*The problem*
Use the entries below and reproduce exactly the lines from the one containing "just a little" down to the one containing "Faux Leather Shapewear", both of them included.

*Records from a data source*
----

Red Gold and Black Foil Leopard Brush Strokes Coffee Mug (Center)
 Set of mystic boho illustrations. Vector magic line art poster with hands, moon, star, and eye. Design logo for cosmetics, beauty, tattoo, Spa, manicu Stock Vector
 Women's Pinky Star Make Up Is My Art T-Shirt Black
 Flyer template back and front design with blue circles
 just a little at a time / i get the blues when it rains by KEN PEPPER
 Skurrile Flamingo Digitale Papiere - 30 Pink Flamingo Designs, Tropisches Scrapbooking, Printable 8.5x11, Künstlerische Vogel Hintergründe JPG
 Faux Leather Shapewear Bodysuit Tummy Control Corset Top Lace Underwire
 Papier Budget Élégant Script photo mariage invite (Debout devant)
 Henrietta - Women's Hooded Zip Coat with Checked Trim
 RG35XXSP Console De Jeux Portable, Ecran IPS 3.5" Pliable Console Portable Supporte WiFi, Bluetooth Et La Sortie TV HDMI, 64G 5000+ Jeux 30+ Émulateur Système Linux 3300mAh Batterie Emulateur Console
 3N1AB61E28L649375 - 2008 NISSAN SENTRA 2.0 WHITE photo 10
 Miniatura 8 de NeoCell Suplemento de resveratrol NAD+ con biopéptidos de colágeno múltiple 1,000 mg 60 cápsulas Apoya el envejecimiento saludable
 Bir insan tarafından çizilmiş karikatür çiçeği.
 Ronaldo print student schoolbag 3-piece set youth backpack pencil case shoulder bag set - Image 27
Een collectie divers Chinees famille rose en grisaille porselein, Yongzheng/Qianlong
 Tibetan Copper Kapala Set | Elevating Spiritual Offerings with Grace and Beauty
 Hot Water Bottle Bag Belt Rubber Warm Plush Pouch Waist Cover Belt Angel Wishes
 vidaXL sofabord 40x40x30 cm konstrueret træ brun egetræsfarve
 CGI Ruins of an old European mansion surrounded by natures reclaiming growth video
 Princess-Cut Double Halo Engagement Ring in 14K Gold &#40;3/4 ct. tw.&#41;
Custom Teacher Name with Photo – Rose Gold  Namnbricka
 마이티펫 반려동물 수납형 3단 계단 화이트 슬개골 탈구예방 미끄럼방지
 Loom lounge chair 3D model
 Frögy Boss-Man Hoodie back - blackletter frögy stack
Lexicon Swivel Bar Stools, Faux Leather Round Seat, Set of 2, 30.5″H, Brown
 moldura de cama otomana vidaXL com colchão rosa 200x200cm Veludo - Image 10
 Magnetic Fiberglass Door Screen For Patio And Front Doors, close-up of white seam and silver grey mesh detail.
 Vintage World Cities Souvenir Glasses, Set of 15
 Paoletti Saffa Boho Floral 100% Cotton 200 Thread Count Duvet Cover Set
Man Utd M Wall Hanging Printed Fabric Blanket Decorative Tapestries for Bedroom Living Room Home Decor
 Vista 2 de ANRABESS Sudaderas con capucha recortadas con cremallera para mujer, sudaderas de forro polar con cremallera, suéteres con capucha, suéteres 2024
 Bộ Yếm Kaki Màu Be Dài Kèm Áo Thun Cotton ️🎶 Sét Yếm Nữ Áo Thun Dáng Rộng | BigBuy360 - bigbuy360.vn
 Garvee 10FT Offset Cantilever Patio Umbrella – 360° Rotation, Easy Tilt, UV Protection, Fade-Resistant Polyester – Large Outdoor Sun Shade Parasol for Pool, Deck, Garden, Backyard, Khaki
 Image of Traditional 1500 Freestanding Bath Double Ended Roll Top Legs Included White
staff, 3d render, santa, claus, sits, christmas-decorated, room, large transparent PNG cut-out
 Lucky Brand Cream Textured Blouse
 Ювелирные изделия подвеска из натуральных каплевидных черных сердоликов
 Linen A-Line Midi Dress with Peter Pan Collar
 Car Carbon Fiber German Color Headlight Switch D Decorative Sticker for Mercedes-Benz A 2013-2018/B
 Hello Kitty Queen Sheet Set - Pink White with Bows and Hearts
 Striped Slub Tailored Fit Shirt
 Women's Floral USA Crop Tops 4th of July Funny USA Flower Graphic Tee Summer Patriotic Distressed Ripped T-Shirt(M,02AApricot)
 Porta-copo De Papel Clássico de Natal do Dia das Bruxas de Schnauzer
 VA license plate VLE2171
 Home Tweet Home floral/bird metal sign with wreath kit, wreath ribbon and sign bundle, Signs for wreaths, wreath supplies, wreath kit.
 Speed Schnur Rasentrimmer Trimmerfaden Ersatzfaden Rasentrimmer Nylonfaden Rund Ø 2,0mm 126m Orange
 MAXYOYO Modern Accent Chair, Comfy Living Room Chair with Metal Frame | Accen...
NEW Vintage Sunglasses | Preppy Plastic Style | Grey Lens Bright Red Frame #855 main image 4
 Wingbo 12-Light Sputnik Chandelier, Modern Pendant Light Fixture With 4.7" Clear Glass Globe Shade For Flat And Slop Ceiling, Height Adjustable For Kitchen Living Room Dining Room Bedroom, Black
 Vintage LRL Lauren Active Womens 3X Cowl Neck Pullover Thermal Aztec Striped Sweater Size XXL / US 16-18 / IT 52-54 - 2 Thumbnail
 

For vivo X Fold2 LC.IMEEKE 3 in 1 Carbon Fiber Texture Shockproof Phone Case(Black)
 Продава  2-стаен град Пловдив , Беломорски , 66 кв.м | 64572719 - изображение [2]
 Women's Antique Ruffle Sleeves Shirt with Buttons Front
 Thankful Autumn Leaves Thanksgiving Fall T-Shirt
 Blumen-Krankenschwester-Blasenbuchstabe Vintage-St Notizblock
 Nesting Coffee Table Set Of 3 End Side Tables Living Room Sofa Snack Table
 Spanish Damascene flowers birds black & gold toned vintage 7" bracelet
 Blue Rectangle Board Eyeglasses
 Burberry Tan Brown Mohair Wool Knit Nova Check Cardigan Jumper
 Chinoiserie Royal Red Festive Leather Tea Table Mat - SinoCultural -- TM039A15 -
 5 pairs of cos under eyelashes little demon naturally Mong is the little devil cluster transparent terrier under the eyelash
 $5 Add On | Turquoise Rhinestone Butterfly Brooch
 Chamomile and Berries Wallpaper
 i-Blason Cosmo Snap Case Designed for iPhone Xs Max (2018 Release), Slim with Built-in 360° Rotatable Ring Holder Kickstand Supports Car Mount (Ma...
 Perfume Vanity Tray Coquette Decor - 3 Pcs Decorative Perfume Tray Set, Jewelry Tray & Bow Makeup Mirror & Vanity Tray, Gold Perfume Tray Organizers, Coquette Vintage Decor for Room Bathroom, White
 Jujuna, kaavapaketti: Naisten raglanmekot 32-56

----

*Finished task*
 just a little at a time / i get the blues when it rains by KEN PEPPER
 Skurrile Flamingo Digitale Papiere - 30 Pink Flamingo Designs, Tropisches Scrapbooking, Printable 8.5x11, Künstlerische Vogel Hintergründe JPG
 Faux Leather Shapewear Bodysuit Tummy Control Corset Top Lace Underwire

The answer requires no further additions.